モーツァルトのオリジナルなピアノ協奏曲は第5番からであり、1767年、11歳のときに生み出された第1~4番のピアノ協奏曲は、他人のピアノ・ソナタの編曲である。原曲は主にパリで活躍していたドイツ系作曲家のものであり、旅行中の交流によって、モーツァルトに強い影響を与えた。父レオポルトは彼らの作品の楽譜を持ち帰り、息子に協奏曲の作曲を練習させたのだろう。自筆譜には、父親の筆跡も残っている。

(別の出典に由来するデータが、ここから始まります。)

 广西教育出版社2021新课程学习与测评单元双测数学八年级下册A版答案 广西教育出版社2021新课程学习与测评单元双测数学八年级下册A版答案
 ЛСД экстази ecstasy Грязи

当時のパリはヨーロッパにおける文化的中心地であった。1760年代、各地を訪れていたモーツァルト父子がパリに滞在したのは63年11月からの5ヵ月間と66年5月からの2ヶ月間である。2度のパリ訪問を含むこの西方旅行によって、少年モーツァルトはさまざまな音楽を吸収し、作曲の幅も広げることになった。4曲のピアノ協奏曲はその成果のひとつといえよう。
各楽章の原曲は以下のとおり。
第1楽章=L. ホーナウアー、作品2-1(第1楽章)
第2楽章=J. G. エッカルト、作品1-4(第1楽章)
第3楽章=C. P. E. バッハ、クラヴィーア曲集Wq. 117より《ボヘミアン》
レオンツィオ・ホナウアー(c1730-c90)はパリで活躍し、高い評価を受けていたドイツ人音楽家。アウクスブルク生まれのヨハン・ゴットフリート・エッカルト(1735-1809)はパリでモーツァルト父子と出会い、レオポルトに高く評価された。カール・フィリップ・エマヌエル・バッハ(1714-88)は言うまでもなくJ. S. バッハの息子で、当時はベルリンで活躍していた。モーツァルトは直接出会うことはなかったが、父レオポルトが早くから注目していた作曲家である。